### Data records
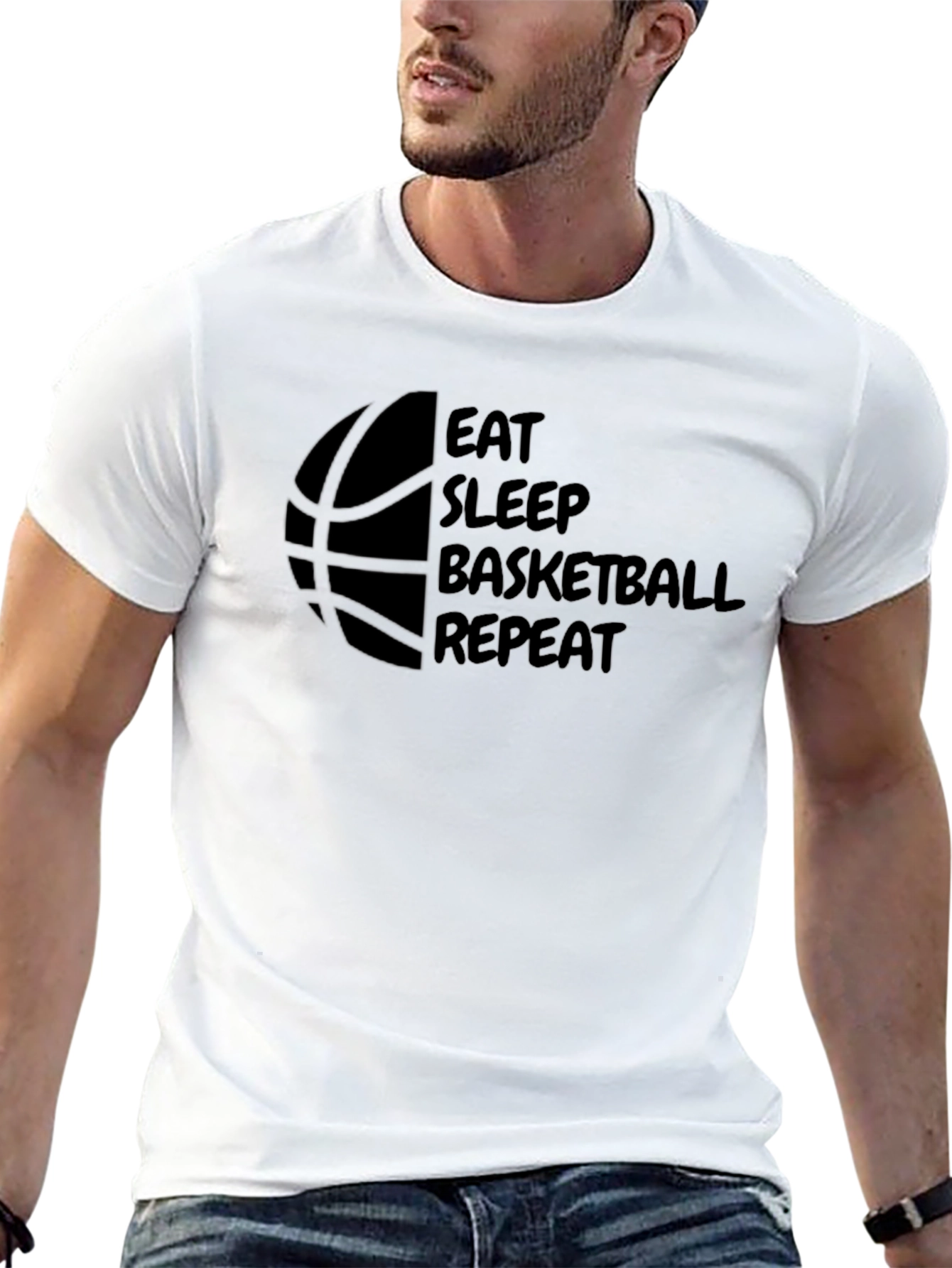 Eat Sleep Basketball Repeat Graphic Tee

---

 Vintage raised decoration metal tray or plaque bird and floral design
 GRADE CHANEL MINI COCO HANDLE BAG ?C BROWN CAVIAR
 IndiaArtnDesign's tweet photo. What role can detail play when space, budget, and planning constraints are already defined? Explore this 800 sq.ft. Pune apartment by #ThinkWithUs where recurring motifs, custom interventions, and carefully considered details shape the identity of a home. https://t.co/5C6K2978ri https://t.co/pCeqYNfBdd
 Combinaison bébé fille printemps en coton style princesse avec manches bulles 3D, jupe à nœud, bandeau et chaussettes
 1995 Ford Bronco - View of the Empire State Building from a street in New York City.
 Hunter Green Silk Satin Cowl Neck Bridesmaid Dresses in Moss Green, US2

### Required action
Retype only the lines above between the line with "GRADE CHANEL MINI" and the line with "Hunter Green Silk", counting those two lines as well, and keep every character as it is.

### Written solution
 GRADE CHANEL MINI COCO HANDLE BAG ?C BROWN CAVIAR
 IndiaArtnDesign's tweet photo. What role can detail play when space, budget, and planning constraints are already defined? Explore this 800 sq.ft. Pune apartment by #ThinkWithUs where recurring motifs, custom interventions, and carefully considered details shape the identity of a home. https://t.co/5C6K2978ri https://t.co/pCeqYNfBdd
 Combinaison bébé fille printemps en coton style princesse avec manches bulles 3D, jupe à nœud, bandeau et chaussettes
 1995 Ford Bronco - View of the Empire State Building from a street in New York City.
 Hunter Green Silk Satin Cowl Neck Bridesmaid Dresses in Moss Green, US2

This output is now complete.